After Liverpool’s dramatic end to the season, we look at some of their more colourful managers.
The title race for this year’s Barclays Premier League title went right down to the wire this weekend (May 11th). Liverpool fans might be disappointed to have just missed out on the victory, but it’s fair to say this season has been quite a ride for the Merseyside team.
As the club looks forward to next season and plots its path to victory, we look at some of Liverpool’s best-known managers and ask what they can teach us about leadership. How did they help to forge one of the dominant forces in English football?
Rodgers has worked hard to develop up-and-coming talent since he arrived at the club. He was a youth coach at Chelsea under Jose Mourinho and really knows how to get the best out of younger players, building up their skills for the future. He’s also criticised coaches who he feels are “stifling” young talent because they don’t always want to take risks and give younger players space to grow.
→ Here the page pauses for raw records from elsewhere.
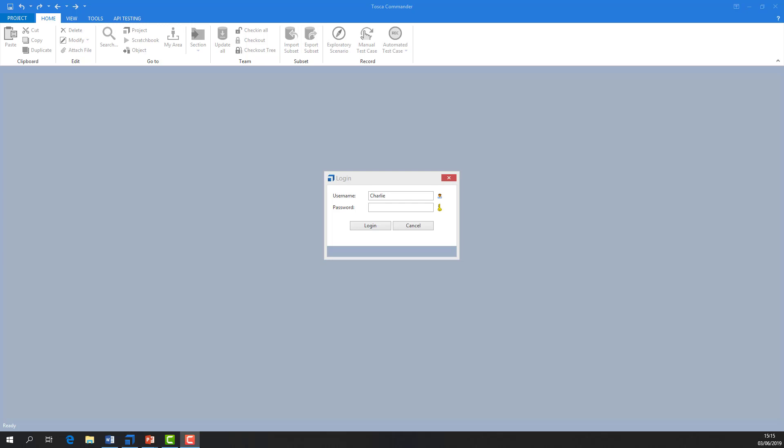First, make sure that each person using the repository has a Tosca user and logs in with their own identity.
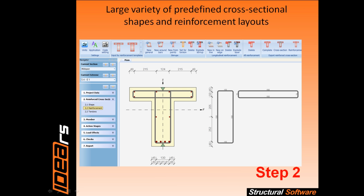Step 2 is the specification of the reinforcement. Idea Concrete works with real reinforcement bars and stirrups, defined by means of predefined templates, reinforcement layers, or individual bars. Import of both cross-sectional shape and reinforcement layout is also available.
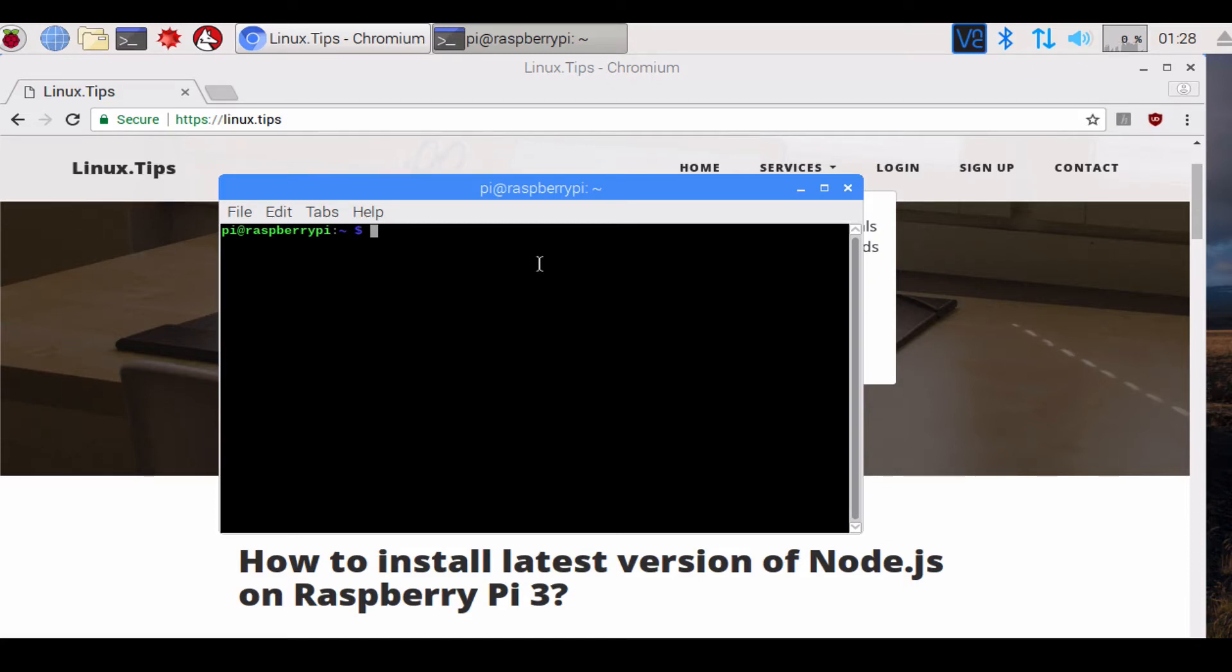Hi everyone, welcome to my YouTube channel. In this video you will learn how to install the latest version of Node.js on Raspberry Pi 3.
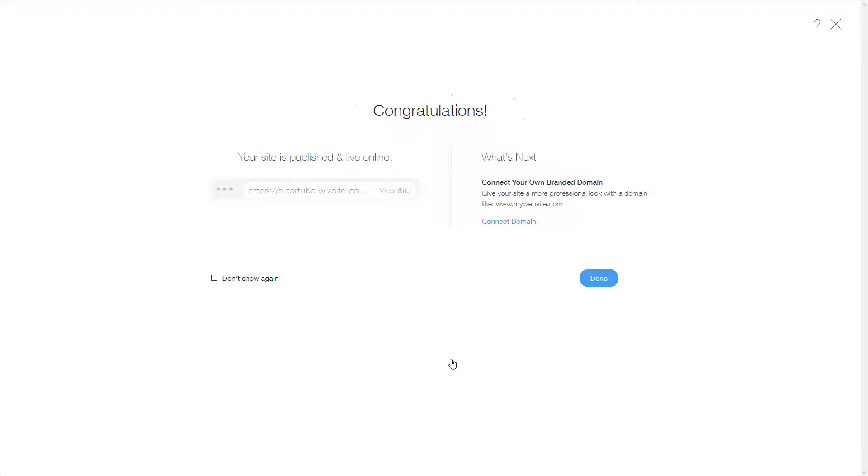Once I do that, what happens is it'll publish the site right over here. It says congratulations, your site is published and live online.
This is a classic example of “coaching leadership”, used by more experienced individuals to help teammates improve their skills. Provided that these less experienced team members are willing to learn new ways of doing things and get rid of bad habits, coaching leaders can help them to build on their strengths and become more successful overall – it’s about the future as much as the present.
This pose by Bill Shankly has become iconic and is replicated in his own statue outside the Anfield Stadium
A name revered among Liverpool fans, Shankly is probably the most famous of all Liverpool’s managers. It’s no surprise, given that he took a struggling team to the top flight of European football. By virtue of his driving ambition and ability to bring people together as a team, he achieved one UEFA Cup victory, two FA Cups and a promotion to the former First Division, which Liverpool won three times.
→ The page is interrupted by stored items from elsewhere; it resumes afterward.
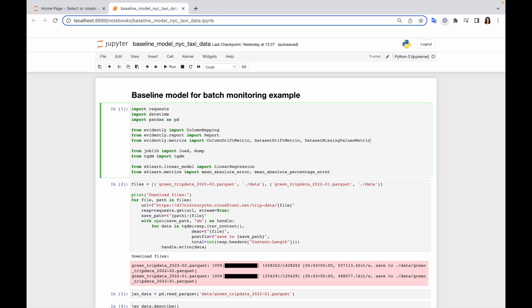Second thing is report. So this is the object which includes the results of matrix calculations and allows us to visualize it as HTML or render it as the JSON or Python object depend on the use case you have. And finally we imported three metrics which are column drift, dataset drift and dataset missing values.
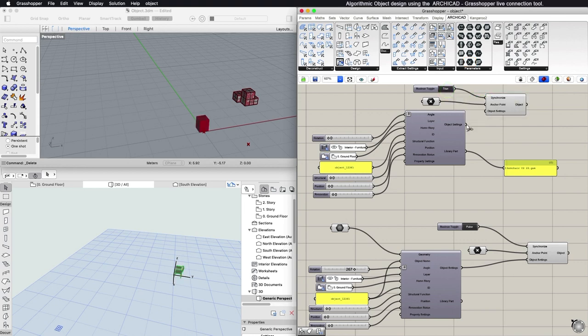By connecting an Object Settings component, you can choose an object from the ARCHICAD Library.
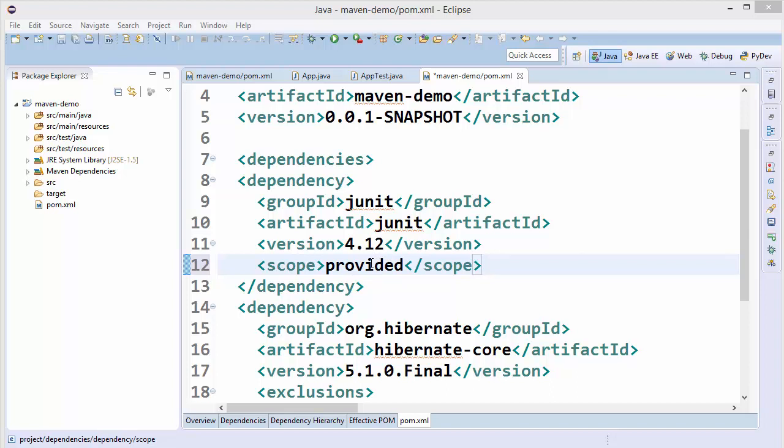Scopes like runtime and others are important when you want to create an API that has an interface and an implementation. When a developer builds an application, he wants to segregate his API into two segments — the interface and the implementation. This is done because if the developer wants to change the implementation at any time, he can do so without changing the interface, and vice versa.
Shankly favoured getting all of his players to meet, dress and travel to training together, then occasionally eat together afterwards so he could foster a team spirit and check they were warming down properly. That’s a classic example of affiliative leadership – a person-centred style that develops a sense of community and is great when a team needs to get back on its feet after a trauma, like Liverpool’s previous disastrous run.
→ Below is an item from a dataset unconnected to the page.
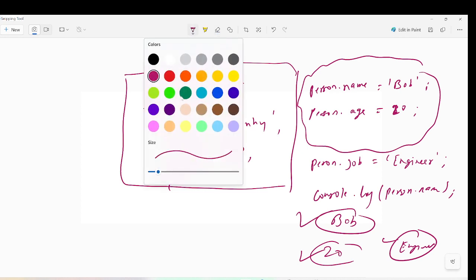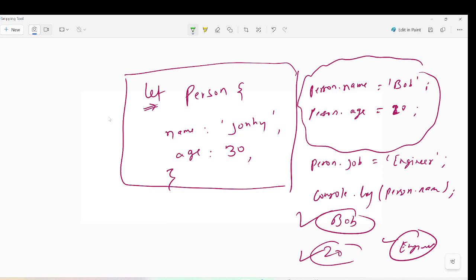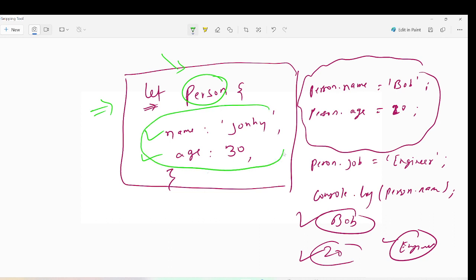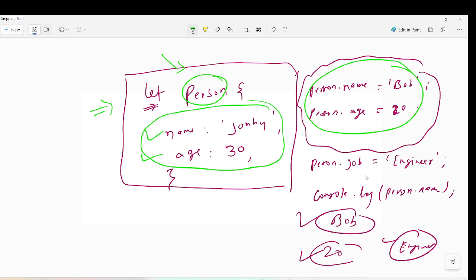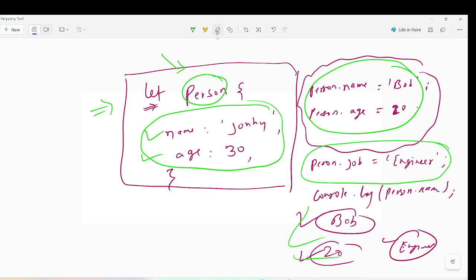Let's recap what we have done. We defined a person object with two properties: name and age. When you define an object with let, you cannot change the object reference itself, but you can change the content — meaning the properties. We changed the properties and added one more, and you can see the latest changes.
Still, affiliative leadership doesn’t always work on its own, or it can lead to a lack of direction. Shankly’s ambition made sure that never happened, as he employed elements of authoritative leadership to set goals and reach for the top.
Kenny Dalglish receiving a DSc for services to charitable activity; University of Ulster
As one of Liverpool’s top players Dalglish was already a well-established name in 1985, when he made history by becoming the club’s first ever player-manager – and at the tender age of 34. After a tough start to his first season he took the club to its first ever league and FA Cup double. He even scored the winning goal against Chelsea to take the championship. Although he began taking to the pitch less and less as he focused on his managerial work, the impact of his early run never faded.
A perfect example of the pace-setting leader, Dalglish took the skills of a strong team and led by example, achieving excellent results in a short space of time. Setting the tone for the team’s achievements, he managed to both be a man of the people and a seriously impressive leader.